[jboss-jira] [JBoss JIRA] Commented: (JGRP-967) Deadlock in FD_SOCK

Tue Apr 28 15:55:46 EDT 2009

    [ https://jira.jboss.org/jira/browse/JGRP-967?page=com.atlassian.jira.plugin.system.issuetabpanels:comment-tabpanel&focusedCommentId=12464857#action_12464857 ] 

Richard Achmatowicz commented on JGRP-967:
------------------------------------------

The thread dump from my machine is attached.

It looks as though:
(i) FD_SOCK Ping Thread  calls  setupPingSocket()  and synchronizes on sock_mutex.  It then seems to block, waiting for connections, and does not let go of sock_mutex.
(ii) main thread tries to call FD_SOCK.stop() then FD_SOCK.stopPingerThread() at which time it synchronizes on pinger_mutex, and then wants to call tearDownPingSocket where it has to synchronize  on sock_mutex.

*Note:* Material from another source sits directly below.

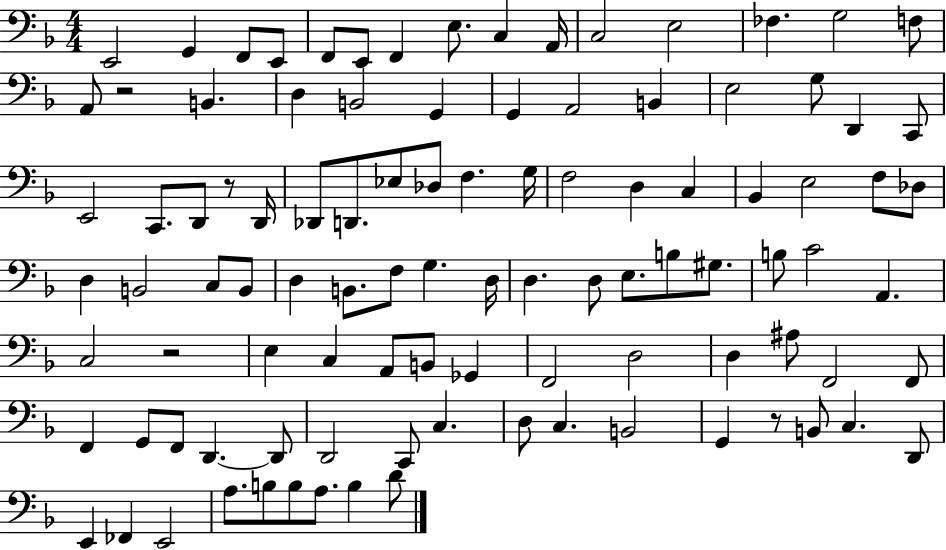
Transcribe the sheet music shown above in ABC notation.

At this point, it starts waiting.

setupPingSocket() should return. It does most of the time but not in all cases.
I've noticed that setupPingSocket() is getting called before the tests run - it is also being called when the tests are shutting down, and this is where the problrm is occurring.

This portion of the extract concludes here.